:: Information provided ::
- - - - -

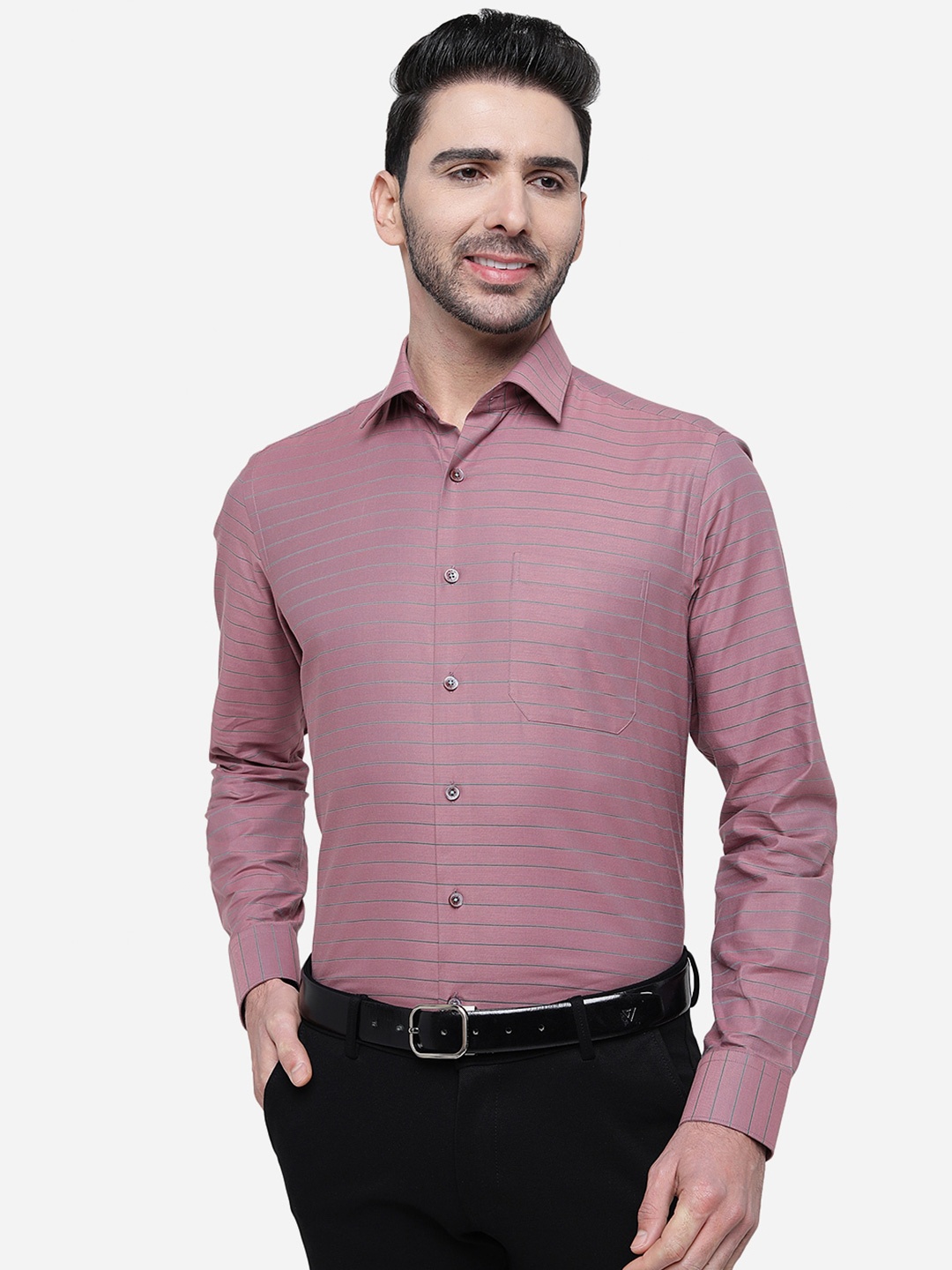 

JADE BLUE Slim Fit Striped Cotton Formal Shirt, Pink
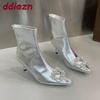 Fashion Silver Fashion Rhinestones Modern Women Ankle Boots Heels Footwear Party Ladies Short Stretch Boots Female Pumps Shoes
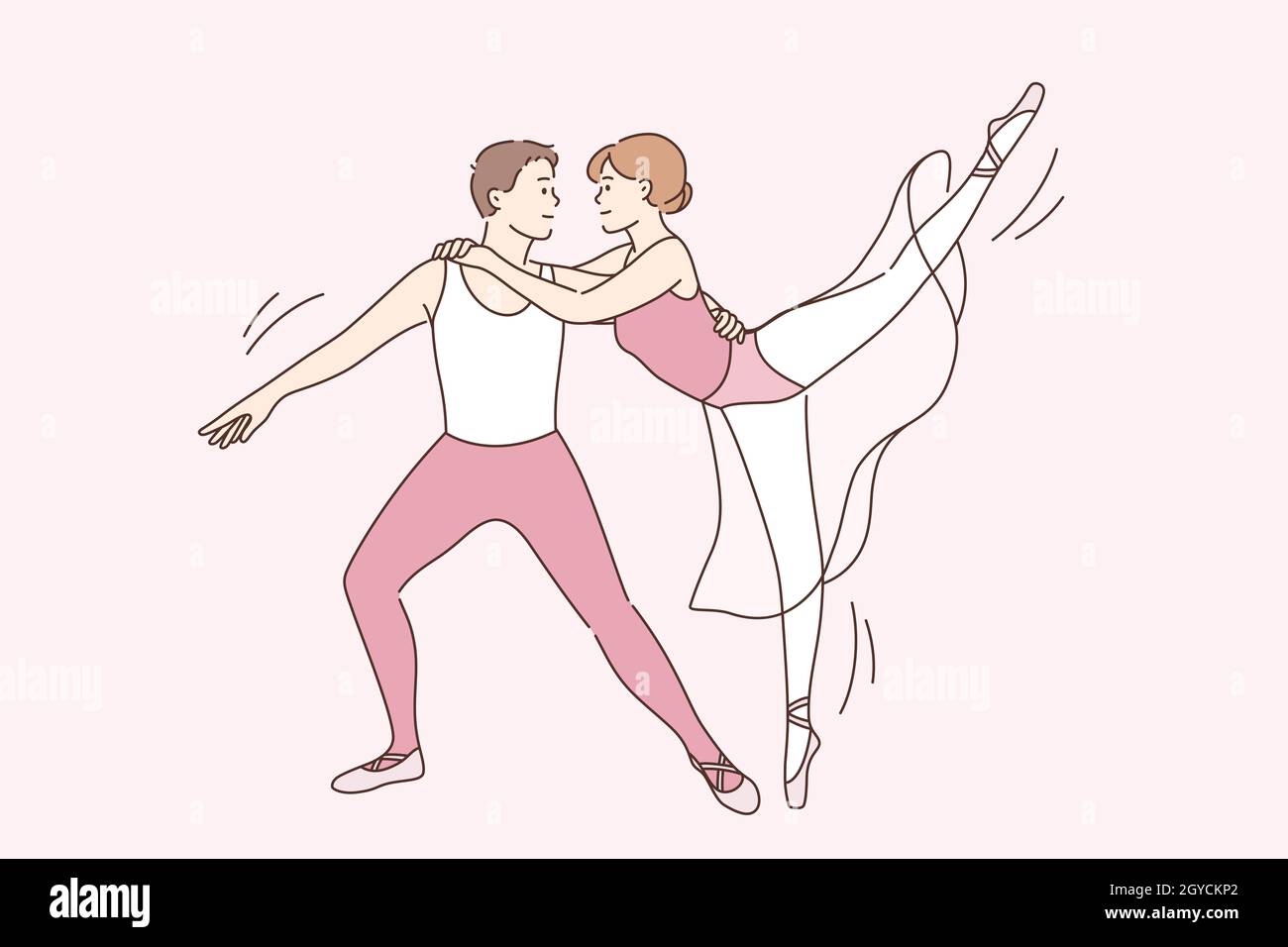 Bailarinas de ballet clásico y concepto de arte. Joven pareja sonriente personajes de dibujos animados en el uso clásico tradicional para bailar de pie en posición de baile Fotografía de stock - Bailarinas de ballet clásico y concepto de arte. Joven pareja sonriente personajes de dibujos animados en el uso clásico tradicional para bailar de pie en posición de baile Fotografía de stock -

- - - - -

:: Task goal ::
Word for word, restate every line of the listing, omitting the pictures.

:: Response to this task ::
JADE BLUE Slim Fit Striped Cotton Formal Shirt, Pink
 Fashion Silver Fashion Rhinestones Modern Women Ankle Boots Heels Footwear Party Ladies Short Stretch Boots Female Pumps Shoes
 Bailarinas de ballet clásico y concepto de arte. Joven pareja sonriente personajes de dibujos animados en el uso clásico tradicional para bailar de pie en posición de baile Fotografía de stock - Bailarinas de ballet clásico y concepto de arte. Joven pareja sonriente personajes de dibujos animados en el uso clásico tradicional para bailar de pie en posición de baile Fotografía de stock -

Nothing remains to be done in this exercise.